** EXERCISE OBJECTIVE **
Beneath this line sits some data. Return only its lines from the one holding "Casă cu 3 camere" through the one holding "Parle | Smoodh Coffe Frappe", inclusive, exactly, with the images removed.

** DATA EXTRACT **
- - -

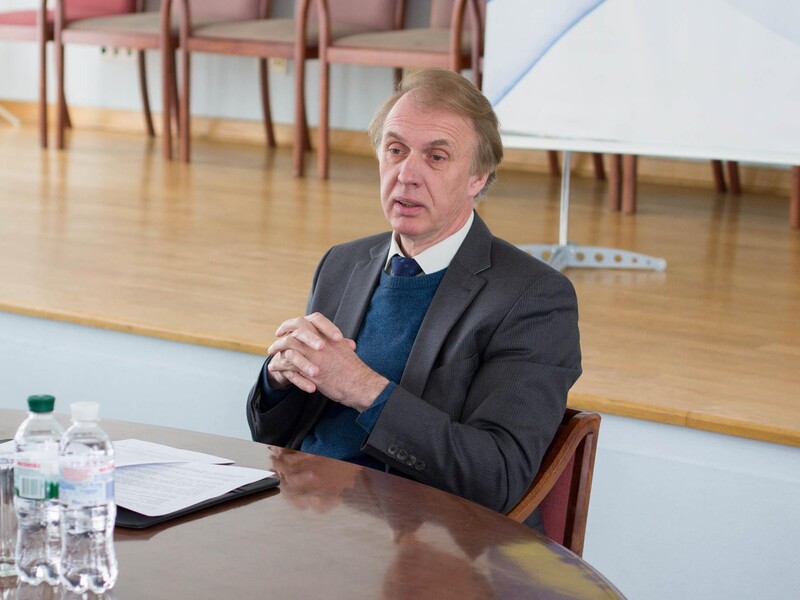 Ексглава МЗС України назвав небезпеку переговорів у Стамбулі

- - -

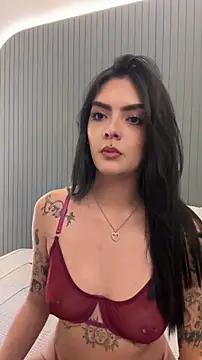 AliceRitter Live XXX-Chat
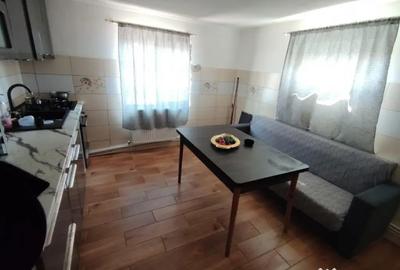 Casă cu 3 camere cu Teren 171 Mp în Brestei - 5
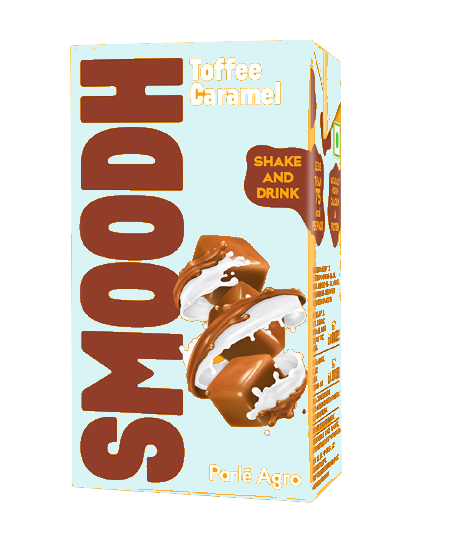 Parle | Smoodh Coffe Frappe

- - -

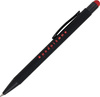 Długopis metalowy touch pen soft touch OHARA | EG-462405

- - -

** RESPONSE BELOW **
 Casă cu 3 camere cu Teren 171 Mp în Brestei - 5
 Parle | Smoodh Coffe Frappe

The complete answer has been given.